Friday, April 3, 2015

Does Ancestry think we are NOT OK?

I find Ancestry's DNA Circles intriguing and really enjoy seeing a green leaf match on my DNA results page. However, I do object to Ancestry's patronizing attitude toward its customer base. "Trust me" is not an endearing phrase when uttered by a used car salesman. That kind of response is no more endearing when it comes from a lab you have paid to analyze your DNA. Yet "trust me" is exactly what we are asked to do when Ancestry announces we have a DNA match.

We are told that Ancestry has "Confidence Extremely High" that they have identified a 1st to 2nd cousin (see above) but we have to take that on faith. We cannot see the total number of cMs that match with this alleged relative or the length or location of our longest matching segment. Ancestry does not think customers who paid for the test need this information. It would be nice to see if others match us on exactly that same segment but Ancestry does not want to confuse us with that information. After all the company seems to say, wouldn't customer supplied pedigree charts be a better way to document matches with our relatives than would be precise chromosome locations? :-(

Why does it have to be either/or? Lots of us in the customer base would like to have both! It would simultaneously give us more value and give Ancestry more credibility.

For the last 15 years direct-to-customer (DTC) genetic testing for genealogical information has gradually been emerging from the chilling paternalistic concerns of the medical establishment about letting civilians have direct access to our own genetic data.
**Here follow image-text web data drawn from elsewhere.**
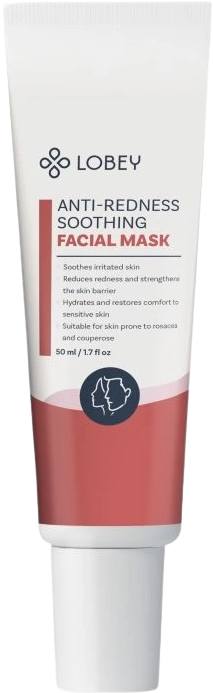 Lobey Zklidňující maska na začervenání pleti 50 ml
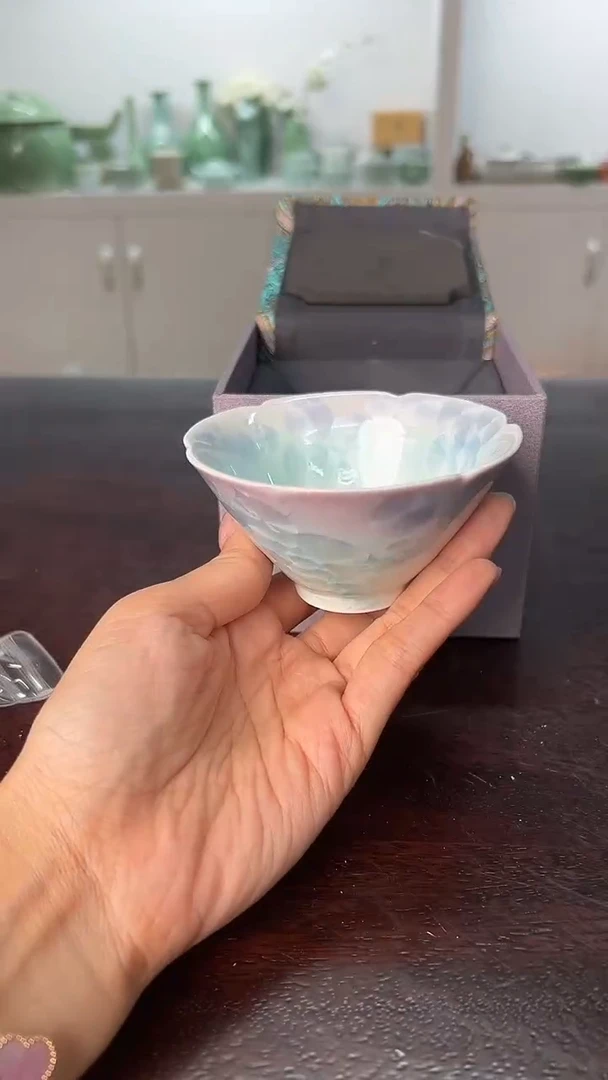龙泉云间青瓷小米茶器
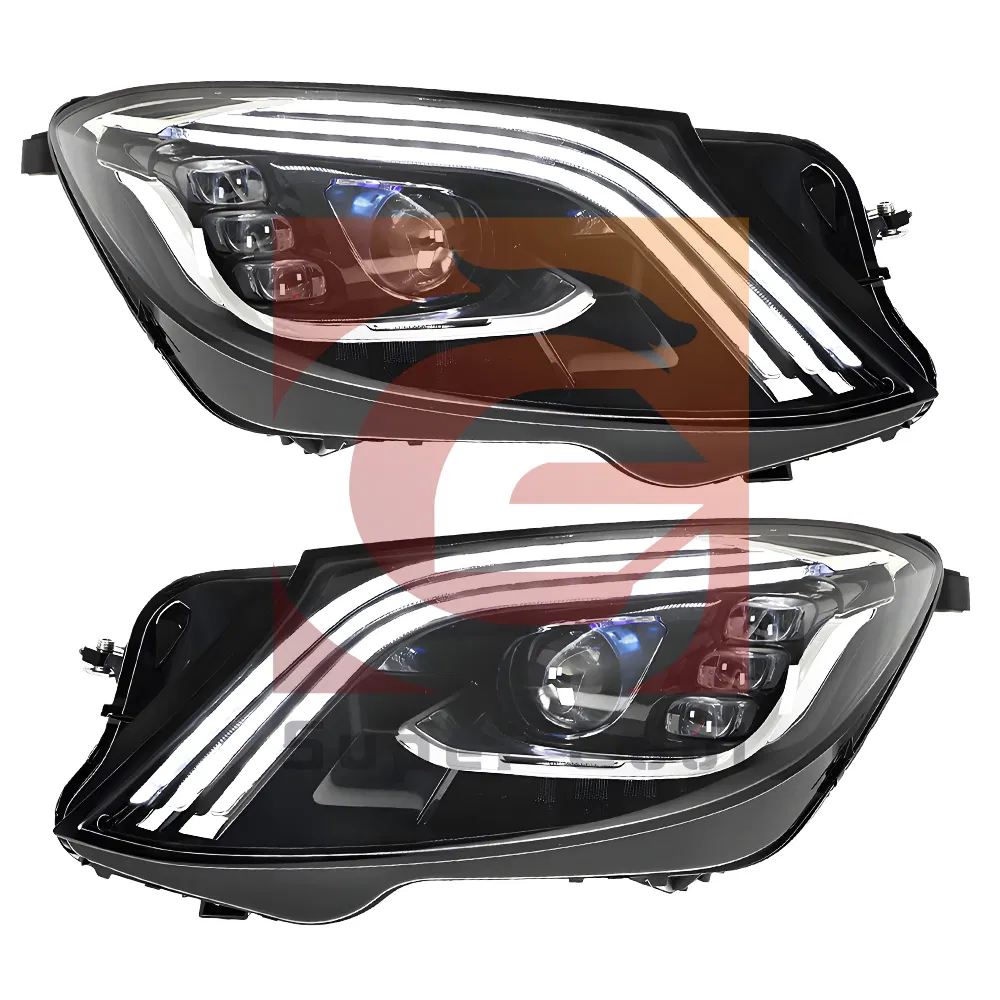 Передние фары с динамической подсветкой для Mercedes-Benz W222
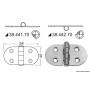 Cerniera in acciaio inox 70x39mm Spessore 2mm N60242240227-40%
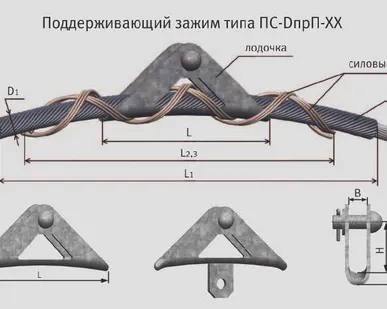 фото Зажим поддерживающий ПС 18,8П-11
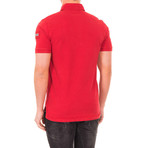 Short-Sleeve Patch Embroidery Polo // Red (S)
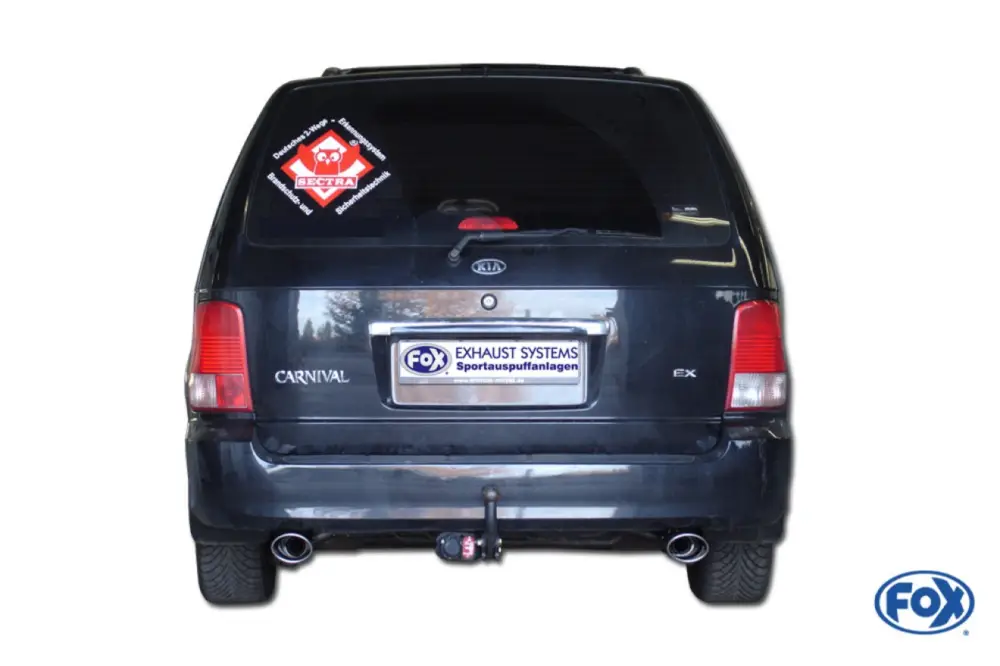 Ausverkauf Fox Duplex Endrohrpaar für Kia Carnival II Endrohrgeweih rechts/links 115x85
This information is taken from with the cells in our own bodies. We have been making progress on a number of fronts -- including US Supreme Court decisions that corporations cannot patent natural genes. Now in the last three years Ancestry is trying to exert a paternalism of its own over access to our personal genetic information. 

Many of you remember the 1969 bestseller I'm OK You're OK.

It was based on the Transaction Analysis model of Eric Berne. You may remember that we were trained to analyze communication transactions using diagrams similar to the one below. It seems clear to me that Ancestry sees transactions with customers as them (the Parent) giving us (the Child) the information they think we need and are able to handle without us asking too many hard questions that might overload tech support about it.

If this analysis of our communication pattern with AncestryDNA is correct, Ancestry sees it as Ancestry is OK but we the customers are NOT OK. This seems to be in direct contrast to Anne Wojcicki's stated goal for 23andMe to empower us by providing us with access to our own genetic information and thereby change the face of health care. 

As rumors are beginning to fly that Ancestry is exploring the possibility of providing health related information from our DNA, I wonder what the business model would be for such an endeavor.